PROBLEM STATEMENT: Restate exactly, and only, the lines from the one with "週末はフロンクス試乗に！！" through the end of the data, with both of those end lines kept. Drop any pictures.

[Scraped caption text data]

======

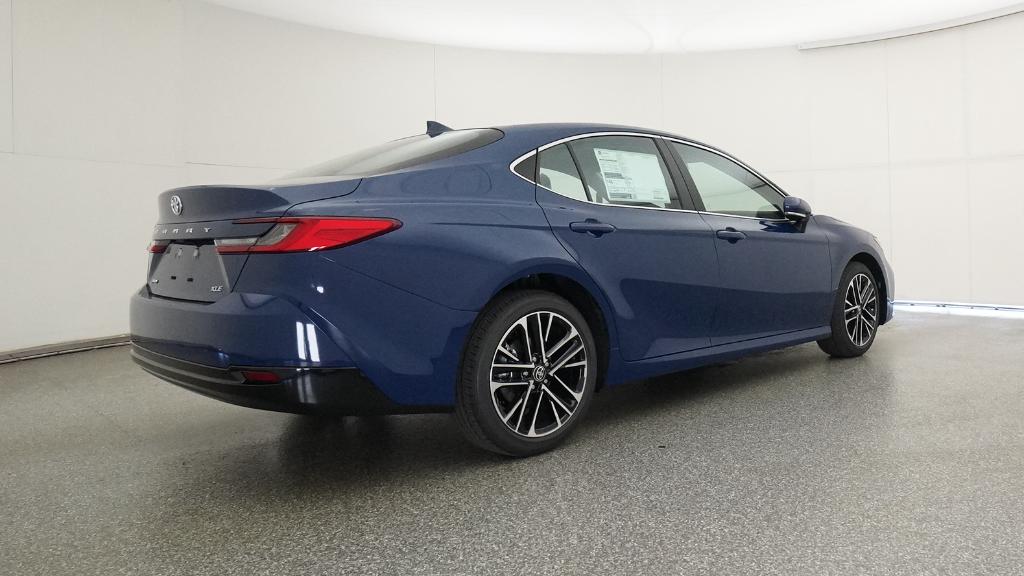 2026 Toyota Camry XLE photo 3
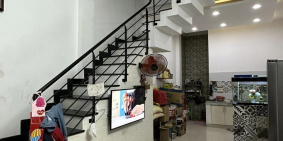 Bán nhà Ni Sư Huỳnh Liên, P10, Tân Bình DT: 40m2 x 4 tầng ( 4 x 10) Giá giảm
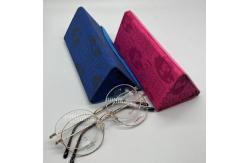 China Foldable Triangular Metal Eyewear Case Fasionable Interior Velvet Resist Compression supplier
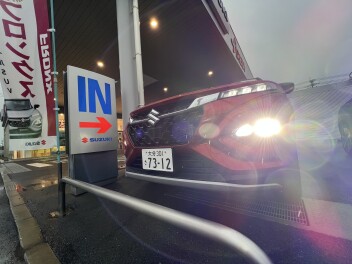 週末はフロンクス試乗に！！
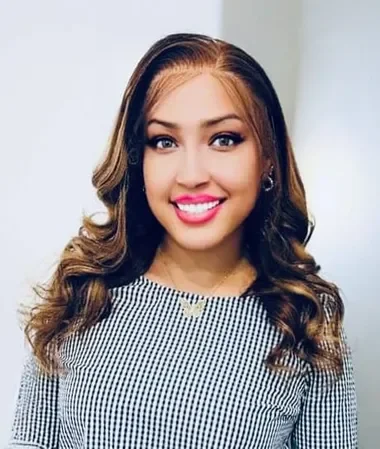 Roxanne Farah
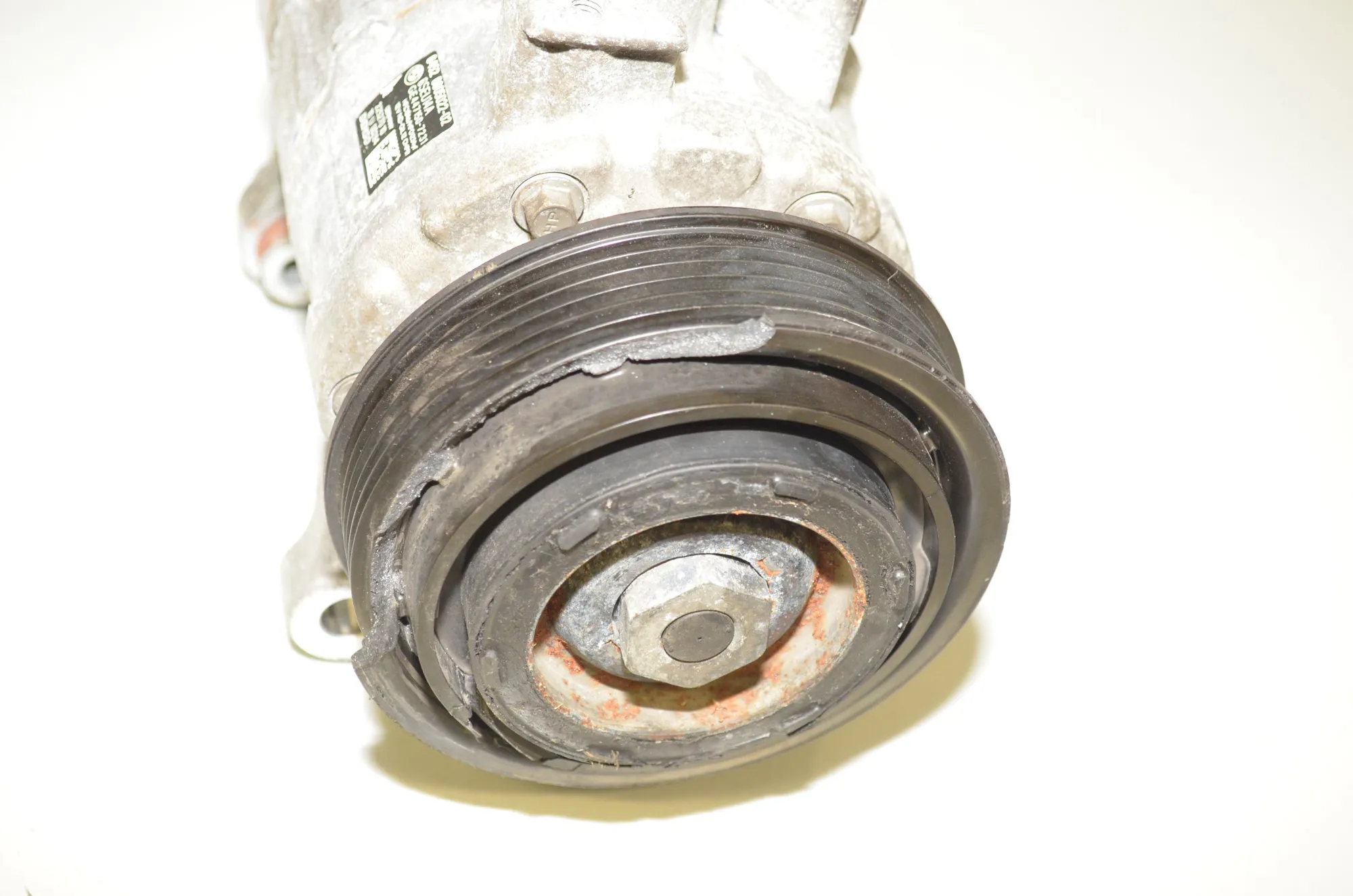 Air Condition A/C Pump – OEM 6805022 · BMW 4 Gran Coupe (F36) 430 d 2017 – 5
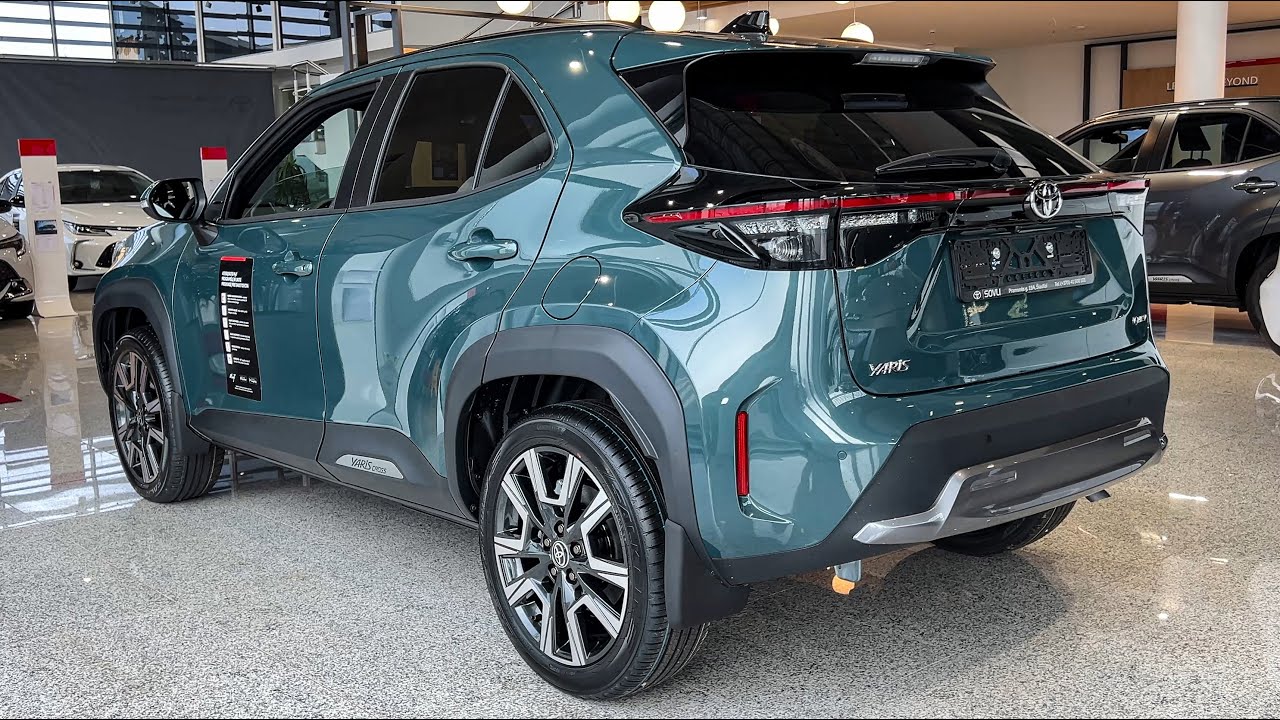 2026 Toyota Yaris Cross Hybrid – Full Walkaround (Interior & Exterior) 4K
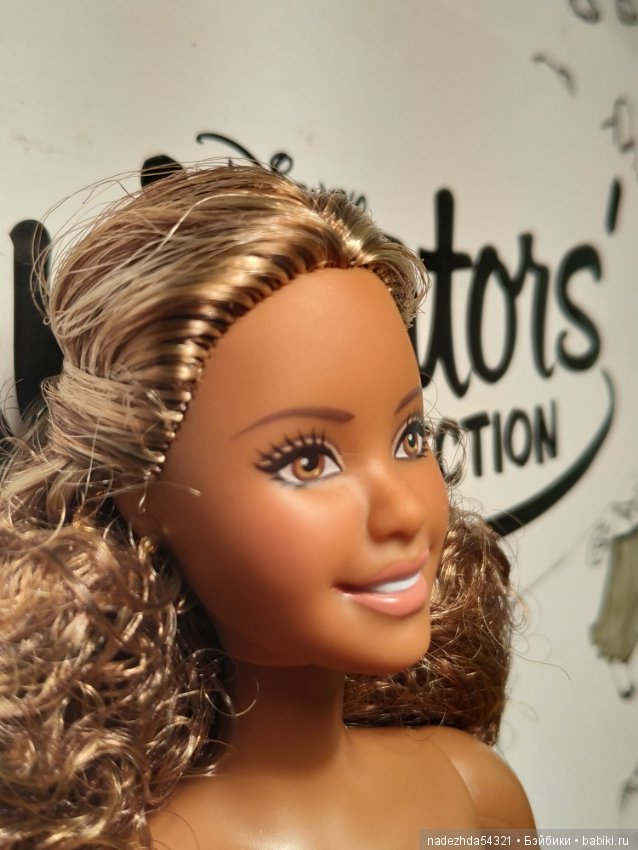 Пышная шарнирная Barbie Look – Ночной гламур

======

FINISHED EXERCISE:
 週末はフロンクス試乗に！！
 Roxanne Farah
 Air Condition A/C Pump – OEM 6805022 · BMW 4 Gran Coupe (F36) 430 d 2017 – 5
 2026 Toyota Yaris Cross Hybrid – Full Walkaround (Interior & Exterior) 4K
 Пышная шарнирная Barbie Look – Ночной гламур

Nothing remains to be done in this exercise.